– ON 29/01/2018
Outras Palavras
O feminino. O trabalho e o desamparo. A viagem como forma de enxergar e transformar a si mesma. Diretora de filme brasileiro premiado em Roterdã conta o que a inspirou a escrever a história
Por Caroline Leone
A primeira vontade de filmar o Pela Janela surgiu em uma viagem que fiz à Argentina, logo após o lançamento do meu curta Joyce. Era 2006, e eu, recém formada decidi fazer uma viagem pelo país. Viajar sempre foi um dos meus maiores prazeres, e sempre gostei muito de viajar solo.
Na volta peguei um ônibus de Buenos Aires até São Paulo.

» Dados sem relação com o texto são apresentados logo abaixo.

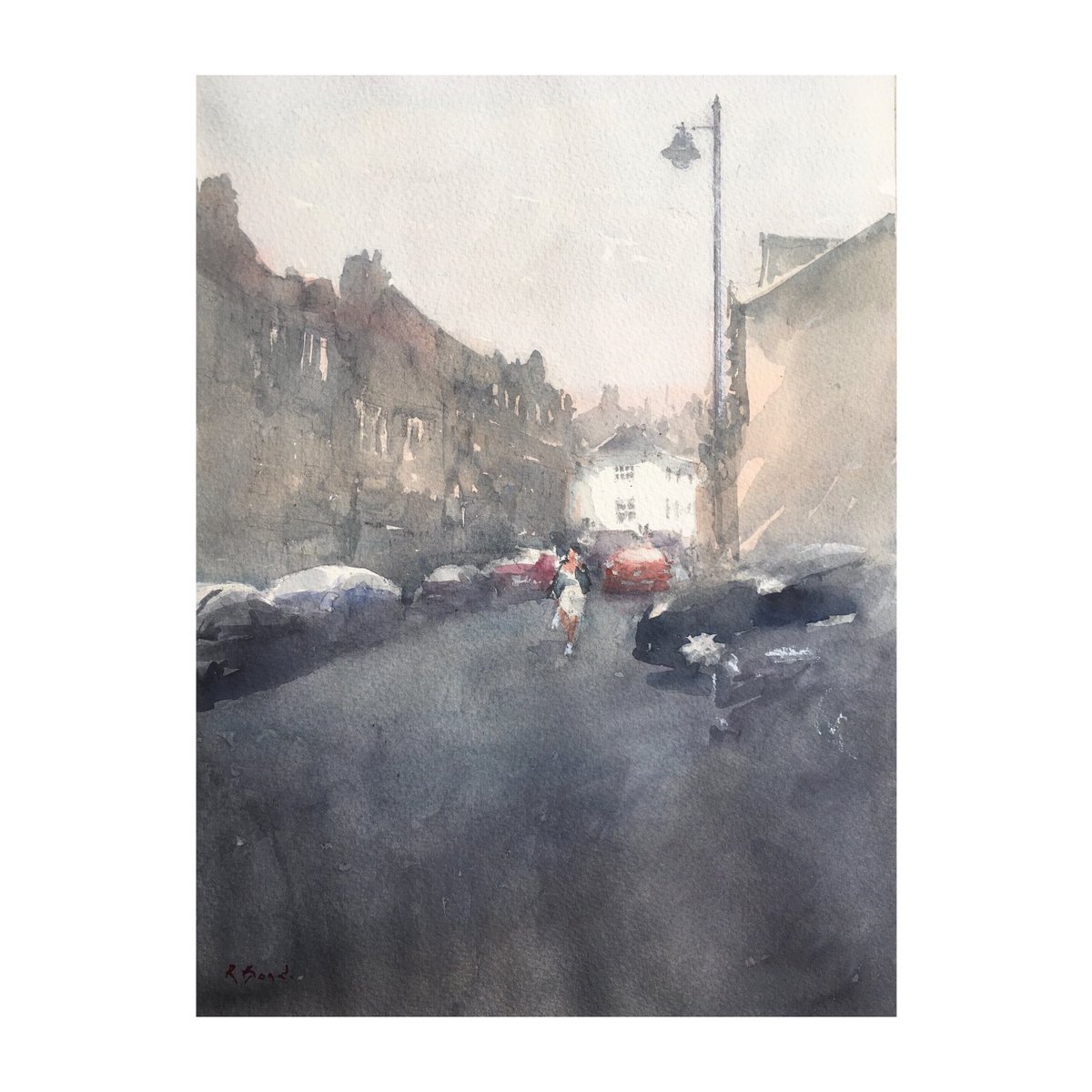 primarypalette's tweet photo. King Street, Norwich. Plein air watercolour on quarter sheet Saunders Waterford rough surface. #britpleinair #pleinairuk #norwich #winsorandnewton #pleinair #watercolor #watercolour #saunderswaterford #stcuthbertsmill https://t.co/Tn7g3r7WHi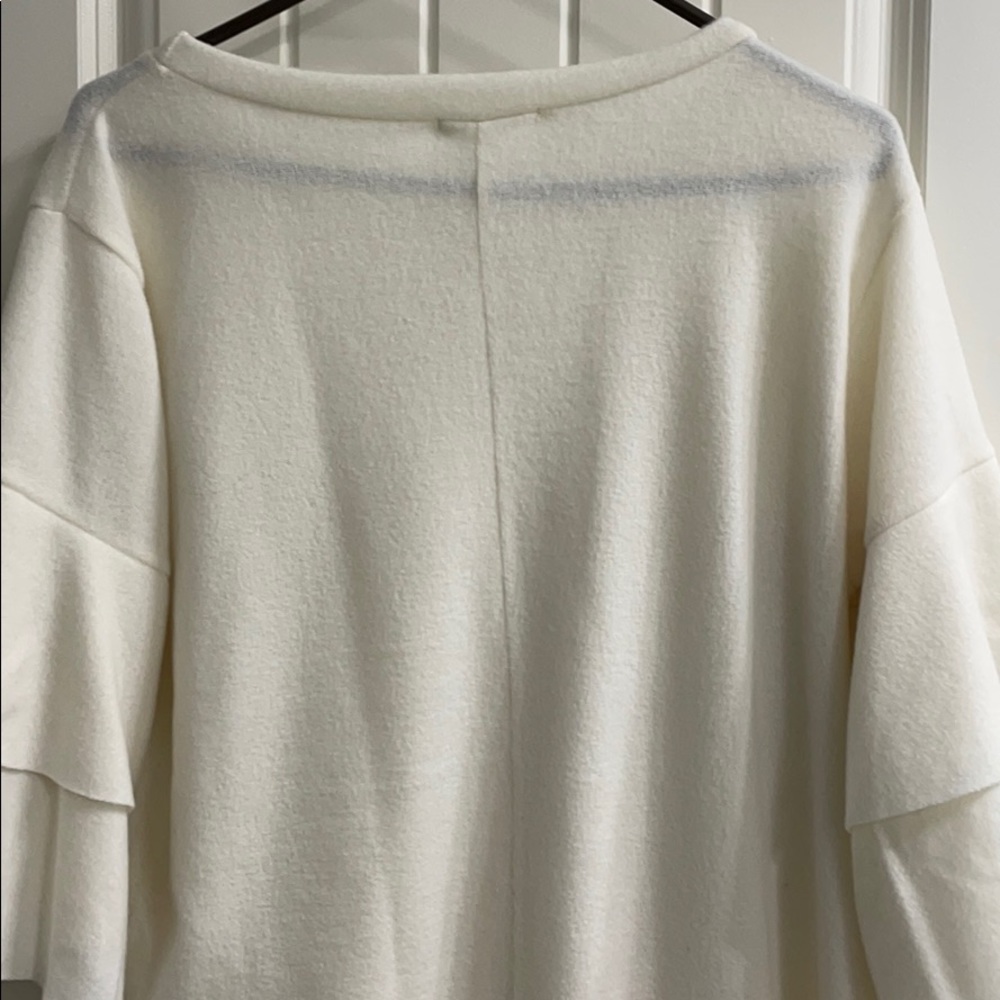 Beautiful Cream Sweater With Flutter Sleeves - image 3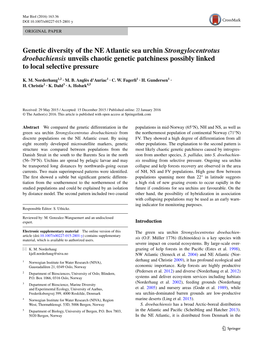 Genetic Diversity of the NE Atlantic Sea Urchin Strongylocentrotus Droebachiensis Unveils Chaotic Genetic Patchiness Possibly Linked to Local Selective Pressure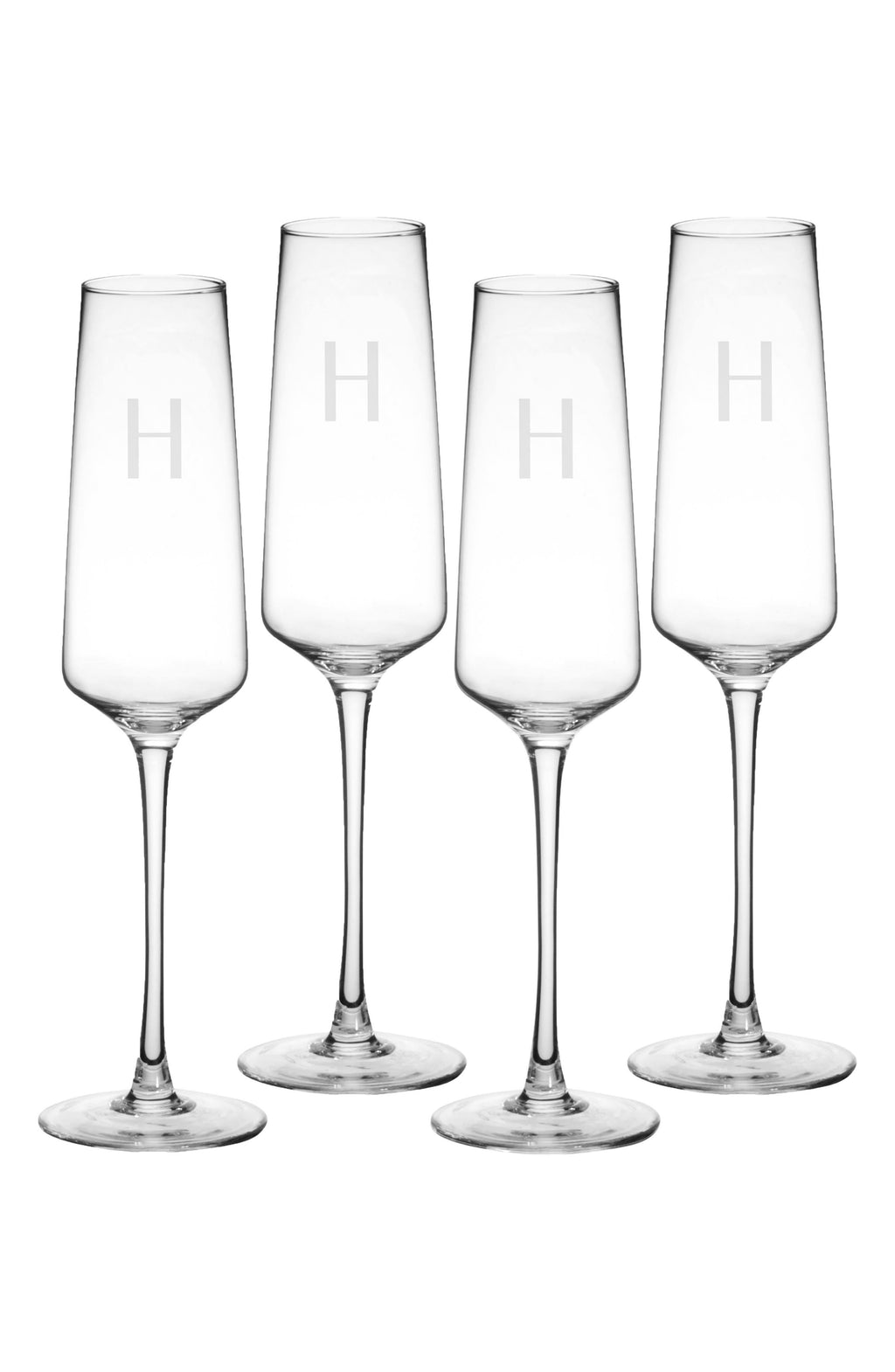 Set of 4 Monogram Champagne Flutes M765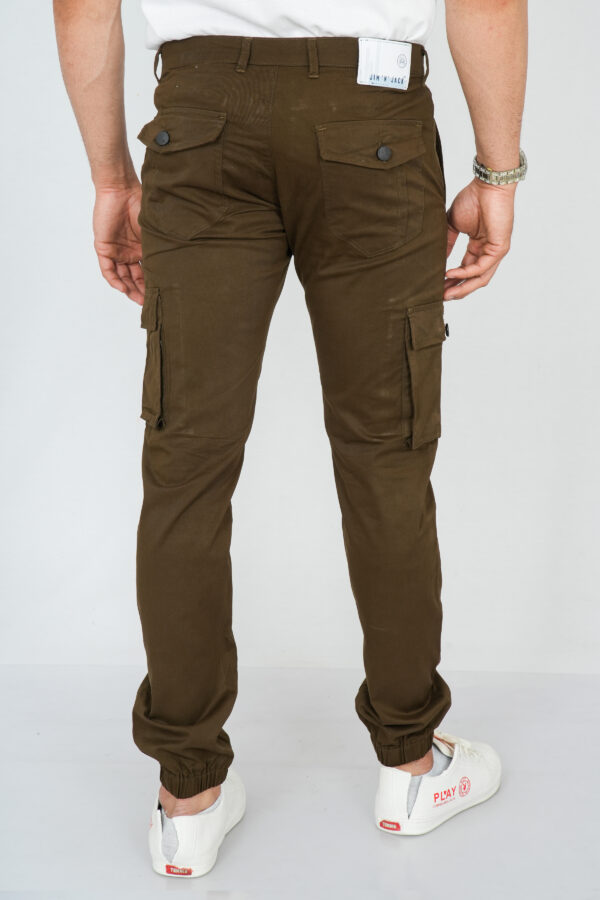 back of brown cargo joggers for men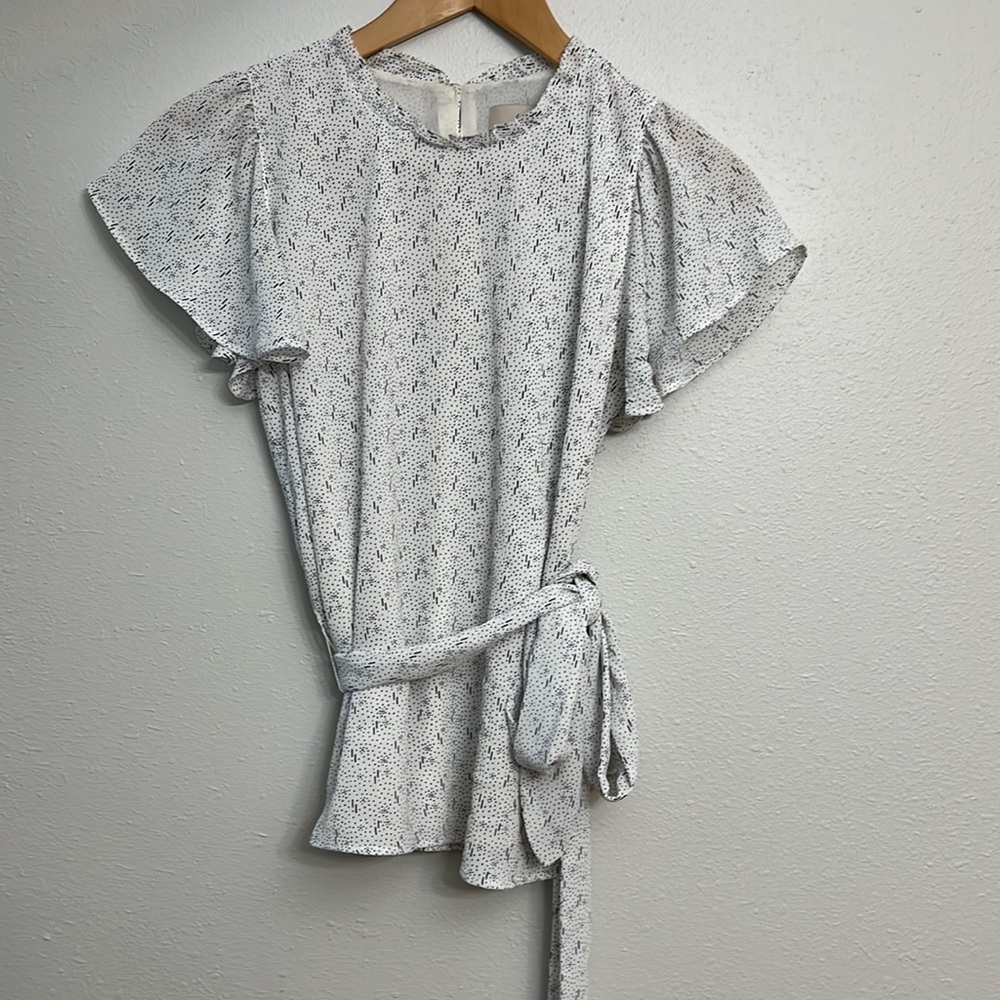 Loft Flutter sleeve tie waist blouse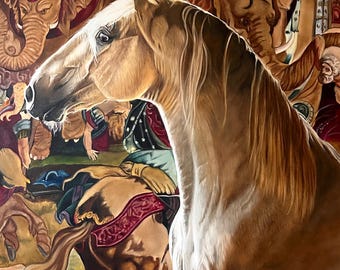 走る野生の馬、オリジナルの油絵、リアリズムスタイル、動物のアート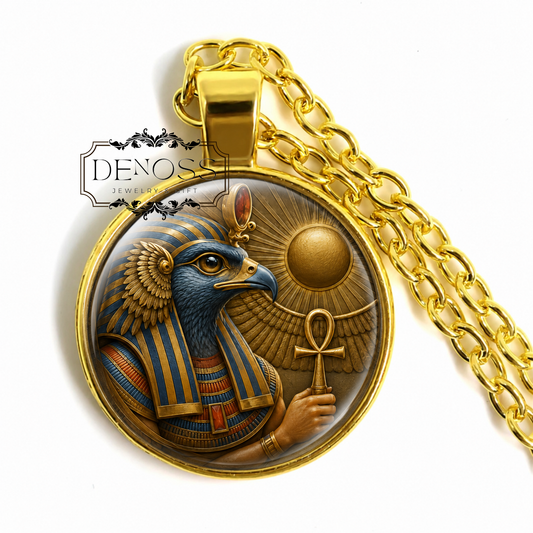 RA Necklace,God,Sun God,Creator,King of the Gods,Patron of the Pharaoh,Egyptian,Ancient,Glass Pendant - Denoss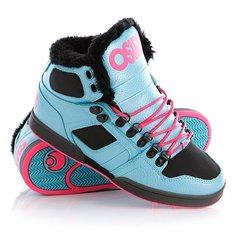 Кеды кроссовки утепленные женские Osiris Nyc 83 Shr Blue/Black/Pink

A viagem dura três dias, e ao meu lado sentou-se uma mulher que havia viajado com o marido, de carro, pra Buenos Aires. O marido era motorista, tinha conseguido um trabalho com uma família argentina pra levar o carro da família até uma fazenda nos arredores de Buenos Aires, e ela o acompanhou. Eles tinham por volta de 60, 70 anos. Ela tinha cabelos longos grisalhos, saia cinza, blusa de botão com flores bordadas. Não me lembro do nome deles, e nem de nenhuma informação especial, mas é só fechar o olho que consigo vê-los com a perfeição das memórias importantes. Ela começou me contando de sua vida em São Paulo, depois da viagem de carro e seus percalços, e finalmente dos dias que tinha ficado passeando sozinha em Buenos Aires, já que o marido tinha ficado trabalhando o tempo todo.
Ela nunca tinha saído de seu bairro em São Paulo, era uma mulher muito humilde, nunca tinha sequer imaginado poder fazer algo assim um dia, era uma costureira que tinha dedicado a vida aos filhos, ao marido e ao trabalho. Eu e ela passamos os três dias da viagem de ônibus conversando sobre a vida, sobre bobagens, sobre ser estrangeira e sobre esse enorme privilégio de poder viajar e ver a vida é a si mesma de fora. Me impressionou como com muito pouco nos ligamos tão fortemente, eu com uns 26 anos, e ela com quase 70, gerações de mulheres tão distantes não só pelo tempo, mas por toda a diferença social e cultural entre nós.
Na volta da viagem escrevi sobre esse encontro e só alguns anos depois, em 2009 escrevi o primeiro tratamento do filme baseado nessas primeiras anotações.
Fiz a viagem de carro entre Buenos Aires e São Paulo três vezes, pesquisando locações, histórias, e escrevendo as cenas pros lugares que ia encontrando. Conheci muitos personagens do filme nessas viagens também. Aproveitava muito do que acontecia comigo nas viagens para desenvolver as cenas, e voltava com muito material para trabalhar. O filme foi crescendo e em 2011 fechei a primeira versão do roteiro. De 2011 até 2015 foram longos anos de espera pra captação, e uma época um tanto nebulosa pra mim por conta disso.
O filme renasceu quando conheci uma outra mulher que me inspirou e transformou ainda mais a história: Maria, chefe de produção de uma fábrica de reatores em Pirituba (que é a fábrica em que filmamos). Eu usava meu tempo livre para vivenciar a fábrica e a vida de Maria. Ela é uma mulher forte, independente, de 65 anos, uma vida de sobrevivência em São Paulo. Chegou a chefe de produção sem ter qualquer formação pro cargo, ela dizia ser a fábrica, ela se sentia a fábrica.
Re-escrevi então o roteiro, e ao ganharmos o primeiro edital de produção refiz mais duas vezes a viagem de carro com esses novos olhos. Pesquisei as músicas de fronteira, conheci as guarânias, Cascatinha e Inhana, me lembrava da mulher do ônibus que havia nascido nas plantações de café, e de como a vida dela e de Maria iam se cruzando com a minha, de como éramos muitas mulheres unidas por um certo fio de resistência.
Assim nasceu a história de Pela Janela. As filmagens só aconteceram em Outubro/Novembro de 2015, e a montagem terminou em Abril de 2016. 2016 foi mais um ano de espera para a captação de fundos de finalização, e o filme ficou realmente pronto só em Janeiro de 2017, um pouco antes da estréia em Rotterdam.